▸ **Pictures with short captions**:
::::::::

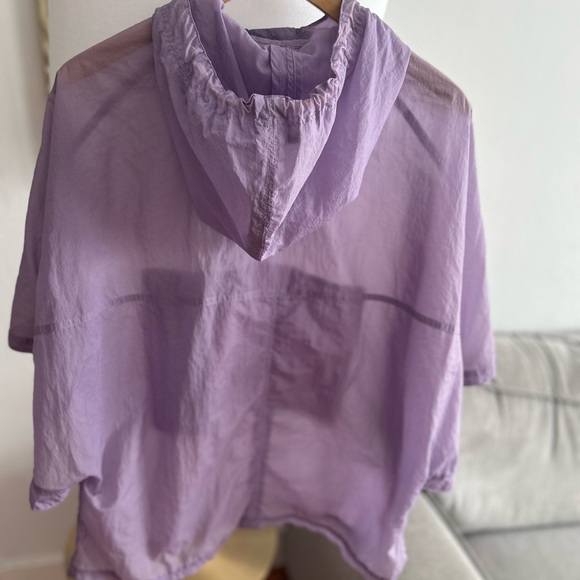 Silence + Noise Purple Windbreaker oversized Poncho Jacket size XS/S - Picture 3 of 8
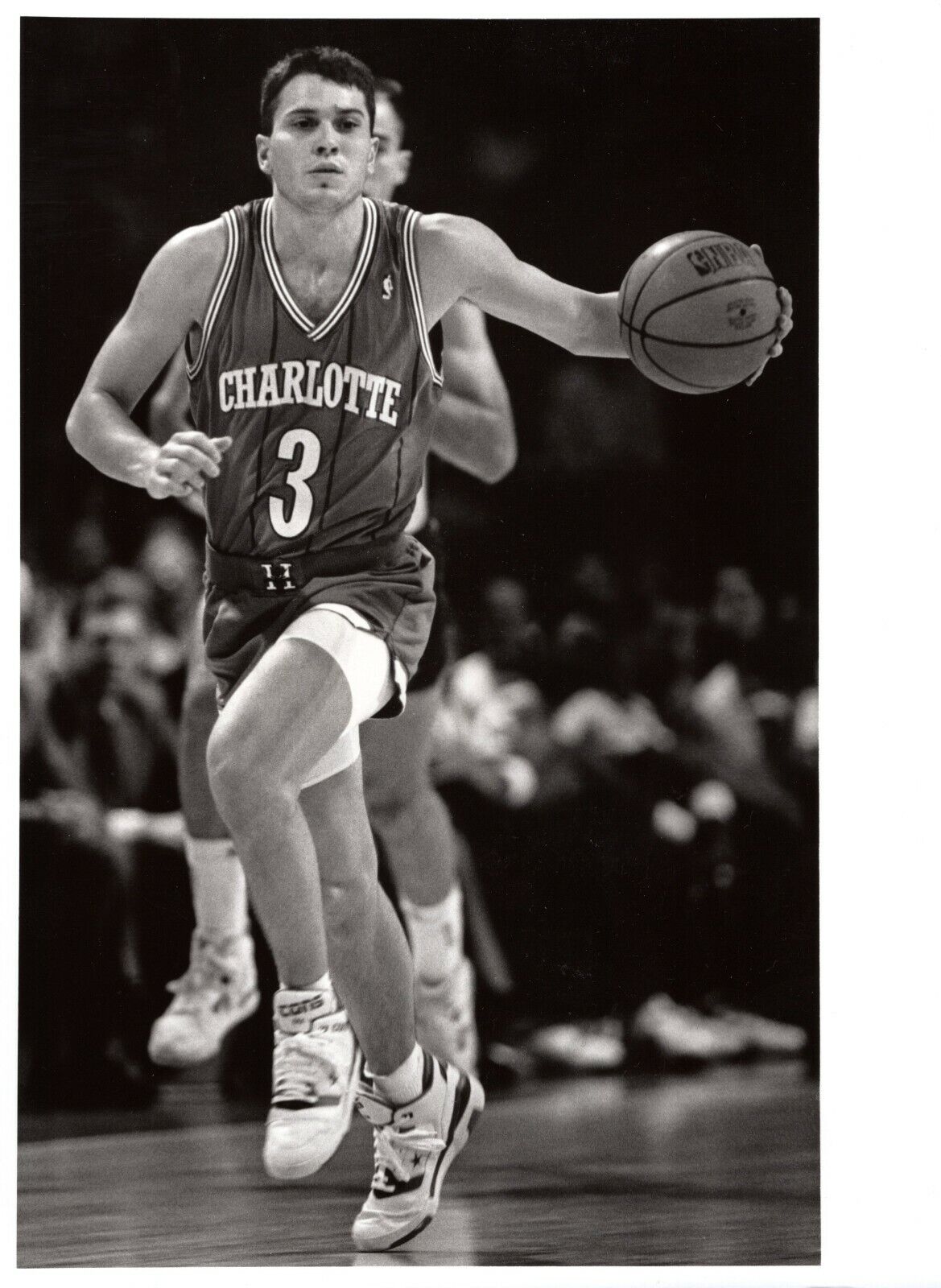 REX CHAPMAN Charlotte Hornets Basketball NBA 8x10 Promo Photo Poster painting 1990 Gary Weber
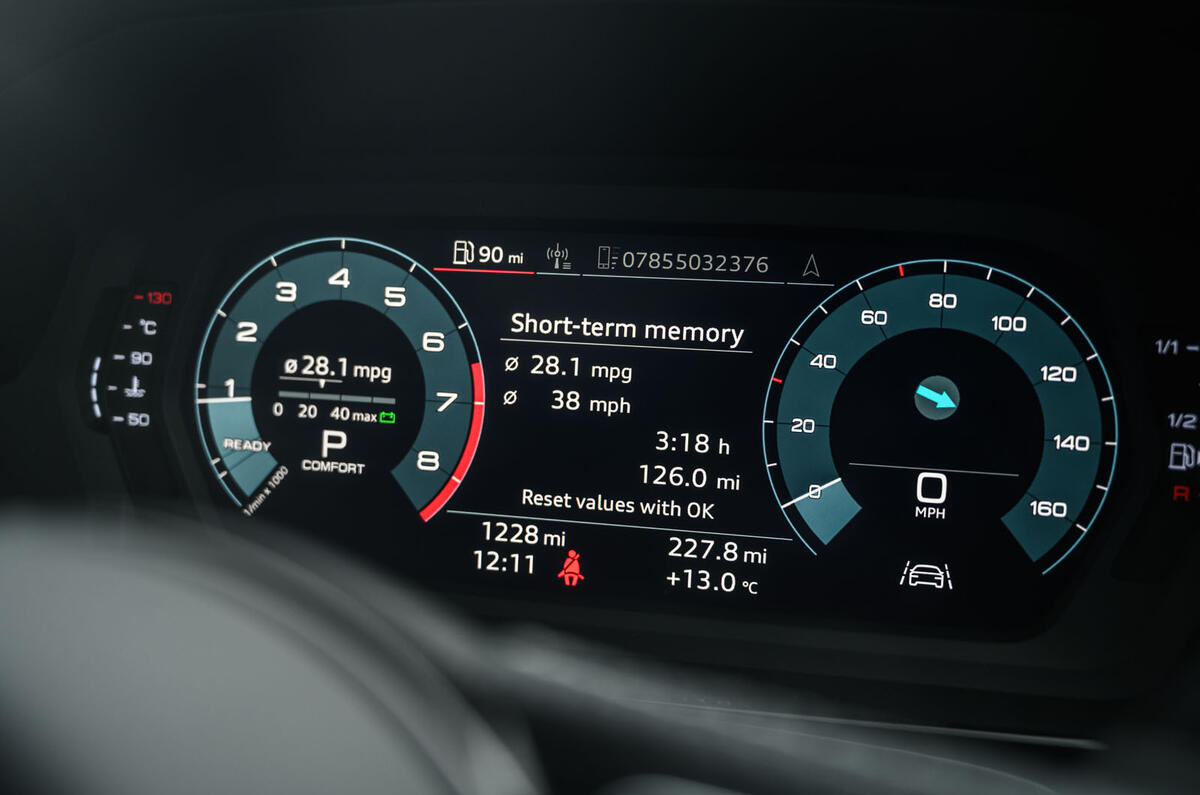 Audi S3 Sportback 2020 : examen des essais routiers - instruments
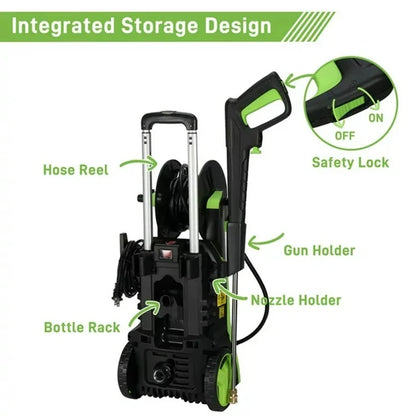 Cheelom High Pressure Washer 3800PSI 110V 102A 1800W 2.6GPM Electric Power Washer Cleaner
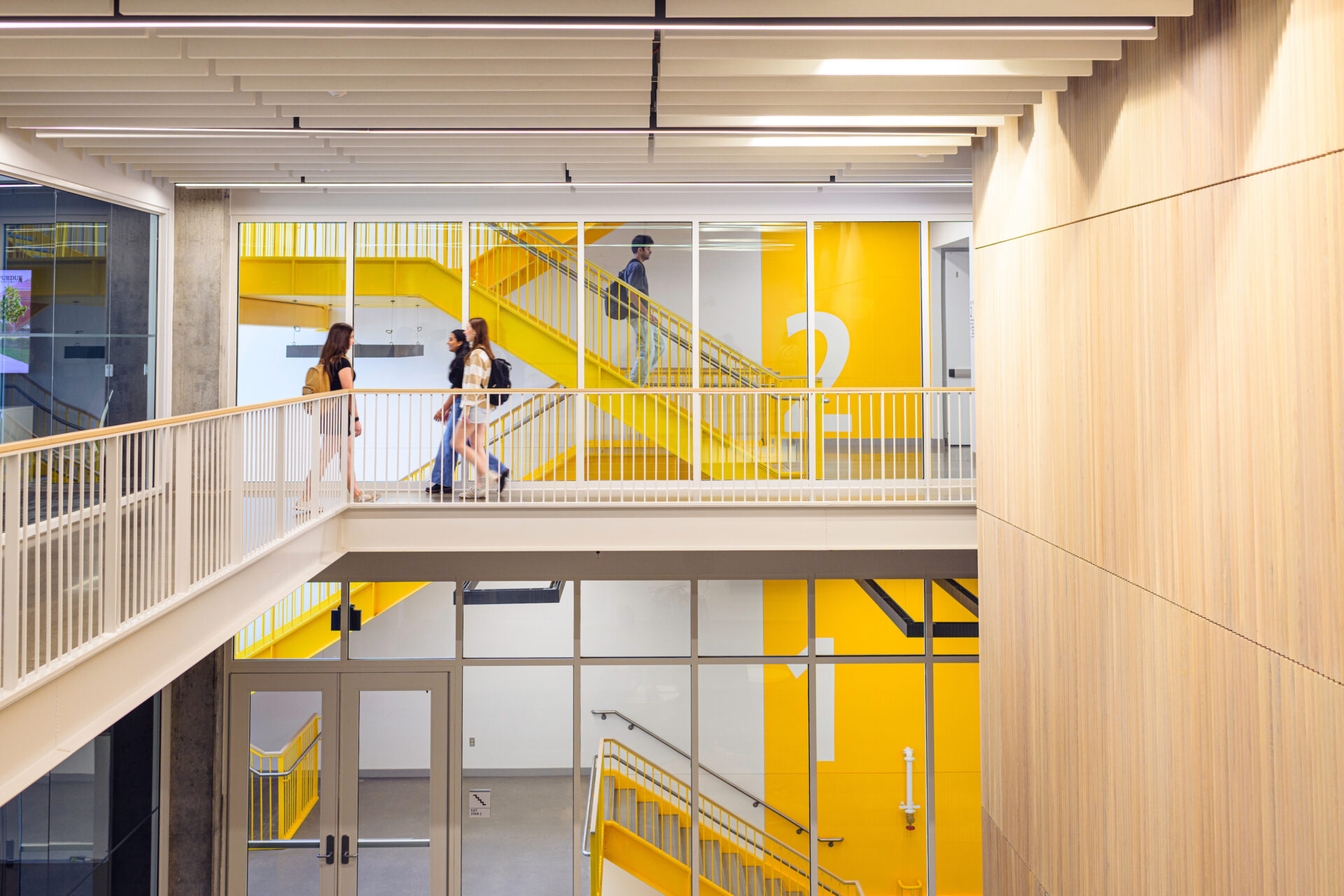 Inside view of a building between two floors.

::::::::

▸ **The problem**: When you copy the records above, keep every word exact and drop the pictures.

▸ **Exercise result**:
 Silence + Noise Purple Windbreaker oversized Poncho Jacket size XS/S - Picture 3 of 8
 REX CHAPMAN Charlotte Hornets Basketball NBA 8x10 Promo Photo Poster painting 1990 Gary Weber
 Audi S3 Sportback 2020 : examen des essais routiers - instruments
 Cheelom High Pressure Washer 3800PSI 110V 102A 1800W 2.6GPM Electric Power Washer Cleaner
 Inside view of a building between two floors.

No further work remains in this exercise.